§ **TASK PROMPT**:
In the entries that follow, the first line to write out is the one containing "Red Emperor Nannigui", and the last is the one containing "Rescatistas señalaron que". Reproduce that stretch exactly, with nothing before or after it.

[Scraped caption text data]
◇ ◇ ◇ ◇ ◇

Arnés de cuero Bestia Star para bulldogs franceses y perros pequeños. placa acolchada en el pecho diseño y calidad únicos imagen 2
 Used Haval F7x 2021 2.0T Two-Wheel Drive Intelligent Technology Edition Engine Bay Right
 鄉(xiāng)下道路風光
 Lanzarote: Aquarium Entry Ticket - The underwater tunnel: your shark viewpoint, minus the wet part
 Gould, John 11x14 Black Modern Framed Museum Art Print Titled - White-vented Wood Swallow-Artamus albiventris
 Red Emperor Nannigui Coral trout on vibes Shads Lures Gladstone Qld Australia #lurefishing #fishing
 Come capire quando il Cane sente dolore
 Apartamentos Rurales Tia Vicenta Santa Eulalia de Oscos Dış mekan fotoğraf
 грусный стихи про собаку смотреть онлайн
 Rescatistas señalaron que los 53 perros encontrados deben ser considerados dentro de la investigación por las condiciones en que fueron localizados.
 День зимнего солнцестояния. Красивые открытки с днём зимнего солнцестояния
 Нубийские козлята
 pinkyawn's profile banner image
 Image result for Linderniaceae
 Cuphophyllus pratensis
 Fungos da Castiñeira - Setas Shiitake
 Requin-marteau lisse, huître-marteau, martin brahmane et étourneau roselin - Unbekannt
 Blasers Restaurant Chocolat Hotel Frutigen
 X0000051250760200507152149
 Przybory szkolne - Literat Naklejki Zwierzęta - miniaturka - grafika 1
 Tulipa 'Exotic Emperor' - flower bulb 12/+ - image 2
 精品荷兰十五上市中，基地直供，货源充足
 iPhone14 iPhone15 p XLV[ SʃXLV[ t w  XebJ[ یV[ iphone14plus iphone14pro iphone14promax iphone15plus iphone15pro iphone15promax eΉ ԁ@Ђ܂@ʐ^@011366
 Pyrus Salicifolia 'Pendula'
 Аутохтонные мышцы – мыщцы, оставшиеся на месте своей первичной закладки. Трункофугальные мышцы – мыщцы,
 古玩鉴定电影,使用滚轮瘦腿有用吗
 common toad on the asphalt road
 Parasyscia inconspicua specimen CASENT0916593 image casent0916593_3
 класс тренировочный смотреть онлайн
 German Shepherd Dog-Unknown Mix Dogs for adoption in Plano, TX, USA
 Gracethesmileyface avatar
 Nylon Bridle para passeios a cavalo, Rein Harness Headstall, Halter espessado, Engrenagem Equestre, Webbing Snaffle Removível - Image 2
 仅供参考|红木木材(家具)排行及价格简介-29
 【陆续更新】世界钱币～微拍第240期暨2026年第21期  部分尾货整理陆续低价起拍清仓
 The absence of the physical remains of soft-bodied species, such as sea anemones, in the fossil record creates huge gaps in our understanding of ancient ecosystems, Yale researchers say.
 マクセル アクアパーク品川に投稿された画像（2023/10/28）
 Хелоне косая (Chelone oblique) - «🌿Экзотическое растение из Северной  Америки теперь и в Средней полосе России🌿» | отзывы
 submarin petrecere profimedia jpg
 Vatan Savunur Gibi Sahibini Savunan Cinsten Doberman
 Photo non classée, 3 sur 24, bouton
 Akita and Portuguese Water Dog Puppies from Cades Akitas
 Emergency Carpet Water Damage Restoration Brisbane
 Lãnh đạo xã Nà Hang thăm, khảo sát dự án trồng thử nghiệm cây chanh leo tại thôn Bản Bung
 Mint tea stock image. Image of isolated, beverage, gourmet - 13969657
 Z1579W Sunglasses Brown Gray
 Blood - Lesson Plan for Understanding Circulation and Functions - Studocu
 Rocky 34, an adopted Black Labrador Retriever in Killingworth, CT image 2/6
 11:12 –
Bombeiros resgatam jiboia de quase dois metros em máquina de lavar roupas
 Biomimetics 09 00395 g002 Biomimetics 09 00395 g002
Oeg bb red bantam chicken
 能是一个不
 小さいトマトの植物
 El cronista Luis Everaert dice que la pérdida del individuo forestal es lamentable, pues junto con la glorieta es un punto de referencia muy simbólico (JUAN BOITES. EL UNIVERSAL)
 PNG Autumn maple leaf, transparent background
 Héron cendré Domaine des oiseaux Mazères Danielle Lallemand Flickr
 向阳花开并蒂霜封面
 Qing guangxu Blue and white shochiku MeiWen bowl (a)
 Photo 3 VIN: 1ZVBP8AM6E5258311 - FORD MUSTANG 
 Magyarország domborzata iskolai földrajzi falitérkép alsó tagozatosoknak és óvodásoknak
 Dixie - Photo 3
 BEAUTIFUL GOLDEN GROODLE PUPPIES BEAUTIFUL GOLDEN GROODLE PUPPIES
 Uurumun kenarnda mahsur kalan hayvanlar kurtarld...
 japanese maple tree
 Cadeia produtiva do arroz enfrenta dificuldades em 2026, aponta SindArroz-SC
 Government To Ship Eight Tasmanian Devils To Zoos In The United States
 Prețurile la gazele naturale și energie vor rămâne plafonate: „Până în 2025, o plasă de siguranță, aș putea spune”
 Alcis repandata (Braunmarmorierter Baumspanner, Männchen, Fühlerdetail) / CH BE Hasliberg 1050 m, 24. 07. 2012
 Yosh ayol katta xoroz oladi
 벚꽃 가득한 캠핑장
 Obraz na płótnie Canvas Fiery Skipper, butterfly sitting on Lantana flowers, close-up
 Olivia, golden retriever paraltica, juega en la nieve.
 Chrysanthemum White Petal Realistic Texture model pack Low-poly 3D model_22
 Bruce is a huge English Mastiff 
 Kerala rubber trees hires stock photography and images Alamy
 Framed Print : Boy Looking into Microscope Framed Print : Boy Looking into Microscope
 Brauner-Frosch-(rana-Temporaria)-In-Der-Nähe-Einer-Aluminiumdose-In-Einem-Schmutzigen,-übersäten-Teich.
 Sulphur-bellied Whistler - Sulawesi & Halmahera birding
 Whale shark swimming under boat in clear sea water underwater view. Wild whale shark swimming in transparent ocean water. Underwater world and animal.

◇ ◇ ◇ ◇ ◇

§ **THE ANSWER**:
 Red Emperor Nannigui Coral trout on vibes Shads Lures Gladstone Qld Australia #lurefishing #fishing
 Come capire quando il Cane sente dolore
 Apartamentos Rurales Tia Vicenta Santa Eulalia de Oscos Dış mekan fotoğraf
 грусный стихи про собаку смотреть онлайн
 Rescatistas señalaron que los 53 perros encontrados deben ser considerados dentro de la investigación por las condiciones en que fueron localizados.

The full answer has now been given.